Based on LD and structure results, association studies were performed separately for the two subspecies. The GWAS analysis was performed to test the suitability of the GBS approach and the Mediterranean oat collection for association studies by identifying significant associations with heading date. This trait is of fundamental importance for the local adaptation of oats in Mediterranean environments, since oats are particularly susceptible to drought during flowering time and heading date plays an important role for drought avoidance responses (Mahadevan et al. 2016). Our data highlighted markers associated with heading date on three chromosomes. Associations on these chromosomes have been previously reported on Mrg1 at 117.9 cM (Tumino et al. 2016) and at 39.3 cM (Esvelt Klos et al. 2016), on Mrg8 at 71 cM (Bekele et al 2018) and on Mrg13 at 58.6 cM (Tumino et al. 2016) and at 30.3, 33 and 35.9 cM (Esvelt Klos et al. 2016).Specifically, the associated marker that we identified on Mrg13 was only 1.4 cM apart from the QTL highlighted by Tumino et al. (2016), further validating the presence of a QTL for heading date in this region. By contrast, the markers identified on Mrg1 and Mrg08 were located in different regions than those reported previously suggesting the presence of additional QTLs. Interestingly, (Bekele et al. 2018; Esvelt Klos et al. 2016; Tumino et al. 2016) highlighted markers associated with heading date in Mrg02, which were not found in our study. This differences might be due to the different photoperiod during flowering for autumn and spring sowed oats.

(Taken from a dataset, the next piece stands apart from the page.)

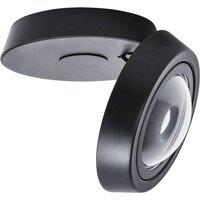 MEGATRON Solo Movimento LED downlight, black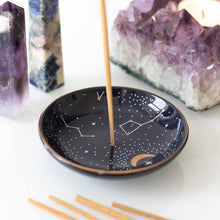 Load image into Gallery viewer, Constellation Incense Holder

Interestingly, two of the associated markers were located near genes with high similarity to NAC-domain transcription factors that have been involved in many developmental processes, including flowering. In particular, the closest gene on Mrg13 showed similarity to a NAC domain-containing protein 100 (NAC100), a transcription factor than controls ethylene-regulated cell expansion in flower petals (Pei et al. 2013). The closest gene to Mrg08 marker showed high homology with a suppressor of gamma response 1 (SOG1 / AtNAC8), which is a transcription factor governing multiple responses to DNA damage (Yoshiyama et al. 2009) and showing high expression in Arabidopsis thaliana during flowering (Klepikova et al. 2016). Comparison of the Mrg08 region between the A. byzantina and A. sativa preliminary genome assemblies also identified as potential candidate genes a GASA4-like gibberellin responsive gene and a gene with homology to miR172. Among the genes near the Mrg01 associated marker, one showed similarity with a phosphatidylinositol N-acetylglucosaminyltransferase subunit P, a protein in biosynthesis that is required for pollen germination and pollen tube growth (Kouidri et al. 2018; Lalanne et al. 2004). At this point, the influence of these genes on the time of heading is speculative, requiring further validation. Perfect GBS matches for all three of the high-confidence associations were also located in the recently released hexaploid oat genome. Unfortunately, a fully annotated version of this genome is not yet available so gene matches are tentative, and the reported genome positions may be interpreted at a later date. It is interesting to note, however, that the matches in the diploid genomes may not be located on the corresponding hexaploid chromosomes. For example, avgbs_cluster_1918.1 is located on a C genome chromosome in A. eriantha, while it is on a D genome chromosome in the hexaploid. Oat is known to have undergone extensive genome rearrangement, and forthcoming studies will elucidate the locations of some of these rearrangements.

In conclusion, this work has provided a wealth of genetic and agro-climatic information in Mediterranean landraces and cultivars of oat. These accessions, genetic data and phenotypes will be a vital resource for further discovery-based research as well as for global oat genetic improvement.